Well, the U-Pass was nice while it lasted. I suppose it was inevitable in a way: an ETS program that managed to double ridership with relatively low fares predictably tied to inflation … it just had to be too good to be true.
It’s not dead yet, but city administration just recommended nearly doubling the price, and that will not sit well with the university students that have to approve it by referendum.
Edmonton’s U-Pass program is already on the expensive side at $97 per semester.
Picture yourself as a student advocate. Do you gamble the entire program railing against the increase, or do you just hand your money over to the city? Would your answer change if I told you I thought the city was bluffing? Here’s why: the city auditor claims that the program “cost” them $6.6 million in 2008.

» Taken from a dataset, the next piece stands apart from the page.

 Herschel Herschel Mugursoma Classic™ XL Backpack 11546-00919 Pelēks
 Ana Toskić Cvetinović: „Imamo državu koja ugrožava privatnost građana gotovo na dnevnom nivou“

To get that number, they took the $6.5 million University of Alberta and MacEwan University students paid and subtracted $2.6 million for increased service and an “opportunity cost” of $10.5 million.
An opportunity cost is the second choice you give up to get your first choice. But the city auditor’s use of “opportunity cost” includes fares ETS would have charged U-Pass holders to ride as much as they did in 2008. That’s nonsense: the opportunity cost needs to be calculated on ridership without the U-Pass.
The whole point was to increase ridership by reducing up-front costs, and it did. Not only is the city claiming imaginary revenues on about 6.6 million trips, it’s ignoring more physical savings, like $3.4 million in road maintenance and sustained fare revenue.
Someone could probably use the same numbers to argue the program saves money, and with budget proceedings coming up this just comes across as a contrived cash-grab. Rather than increasing service to counter overcrowding and then sending students the bill, they’re skipping right to the bill.
So, students, what’s it going to be? Call or fold? The future of the U-Pass is on the line.